2) A few years ago, NTP sued RIM. RIM makes Blackberry handheld email devices and operates a system which connects the devices. NTP held a patent which it claim Blackberry infringed. NTP sought damages and an injunction barring RIM from continuing to use its patents. The injunction would render Blackberries unable to send or receive email, unless RIM could redesign the system to avoid infringement.
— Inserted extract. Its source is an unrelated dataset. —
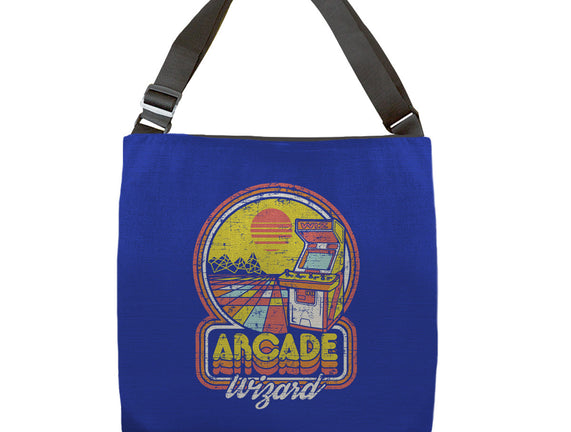 Arcade Wizardry
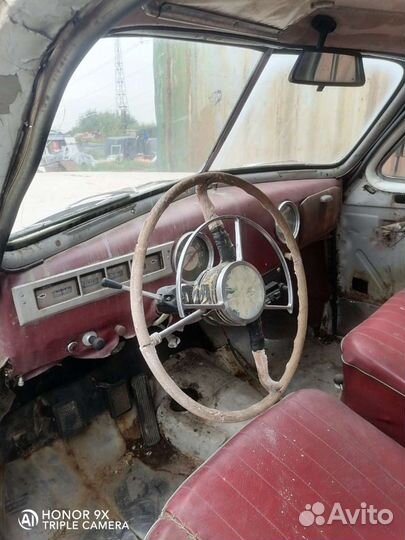 Газ м20 победа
Blackberry argued that the patent was invalid, but a district court judge indicated that he was likely to find that the patent was valid and infringed. In 2006, before the Ebay case was decided, the parties settled. RIM paid NTP $612.5 million dollars for the right to use NTP technology.
How do you think settlement negotiations might have been different, if they had taken place after the Ebay case had been decided?
3) Damages in intellectual property lawsuits are usually measured by the plaintiff’s lost profits. That is, the court estimates what the plaintiff’s profits would have been, had there been no infringement. The defendant must pay the difference between that estimate and actual profits. Suppose A has a patent on telephones, which B infringed. As a result of infringement, A sold 1000 telephones, making $1 profit on each telephone. As a result of the infringement, B also sold 1000 telephones, also making $1 profit on each telephone. If B had not infringed, it would not have sold any telephones. If A prevailed in a patent infringement lawsuit against B, how would you calculate the damages?